Protein simulations have dominated the supercomputing conversation of late as supercomputers around the world race to simulate the viral proteins of COVID-19 as accurately as possible and simulate potential bindings in the hopes of finding a therapeutic to treat the pandemic. Even in many supercomputer-powered protein simulations, however, the computer work is still a stepping stone to lab work, which tends to be more accurate. Now, new work powered by Extreme Science and Engineering Discovery Environment (XSEDE) supercomputers is challenging that, with researchers at Michigan State University producing predictions that rival the most precise lab measurements.
The researchers – Michigan State University’s Lim Heo (a postdoctoral fellow) and Michael Feig (his advisor) used molecular dynamics simulations to refine existing predictions made by other research groups. Many of the protein simulations conducted, it turned out, still had the proteins in forms that exerted unnecessary energy – and thus, did not represent the proteins truly at rest.
“Proteins carry out biological functions. You can measure and analyze those functions, but to really understand them you have to look at the details of how proteins operate,” Feig told XSEDE’s Ken Chiacchia in an interview. “We know a lot of structures from experiments, but haven’t [done this, for example, with] most of the proteins in bacteria. We need to fill the gap by generating models quickly and efficiently.”

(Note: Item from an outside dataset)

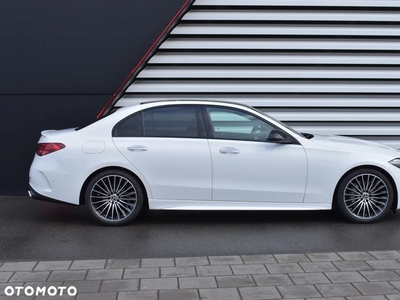 Mercedes-Benz Klasa C 300 4MATIC 9G-TRONIC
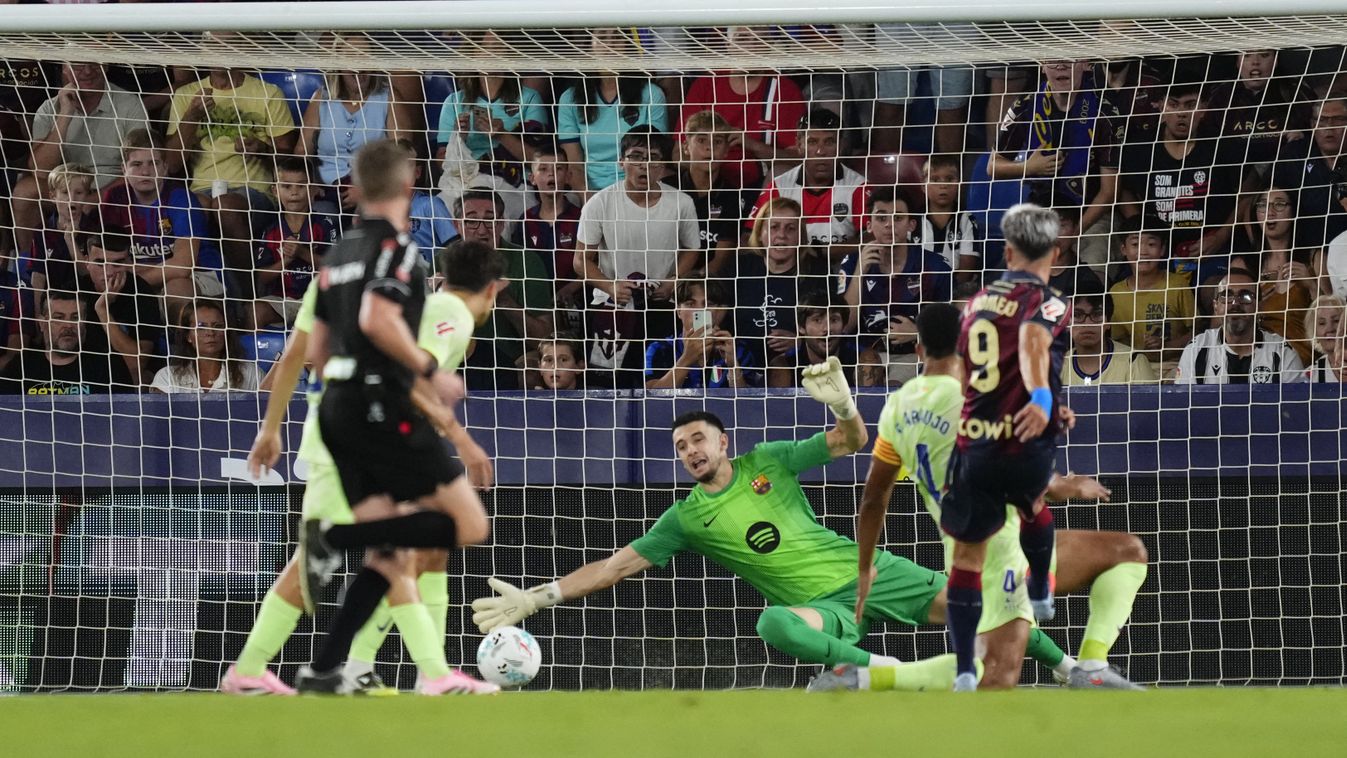 A Levante az első félidőt követően két góllal is vezetett a Barcelona ellen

The Michigan State duo took a set of 27 predicted protein structures (generated by researchers at the 13th Critical Assessment of Techniques for Protein Structure Prediction competition in 2018) and used molecular dynamics to simulate those predicted structures over a longer time period, essentially allowing them to settle into their most natural states.
After refining the predicting structures, the researchers found that accuracy had been improved across the board, between three and 30 percent for every structure. On the higher end of this range, the predicted structures came close to the accuracy of x-ray based lab analysis of proteins.
An example of one of the resulting structures (red and blue) superimposed on the laboratory measurement (yellow and pink).
Of course, simulating those protein structures over a long period requires immense computing power. For that, the research team turned to the GPU nodes on a pair of supercomputers allocated through XSEDE: the Pittsburgh Supercomputing Center’s Bridges system, which delivers 1.35 peak petaflops, and the San Diego Supercomputer Center’s Comet system, which delivers 2.76 peak petaflops.
“Our modeling efforts are compute-intensive,” Feig explained. “XSEDE resources provided a significant amount of the resources we need to achieve significant model improvements. In brief, we can improve protein structures more with more computing time. Having access to XSEDE resources in addition to our local resources allowed us to improve structures than what we could have done otherwise.”
Next, the researchers are aiming to optimize their simulations in order to run them for longer simulated periods to increase the accuracy even more.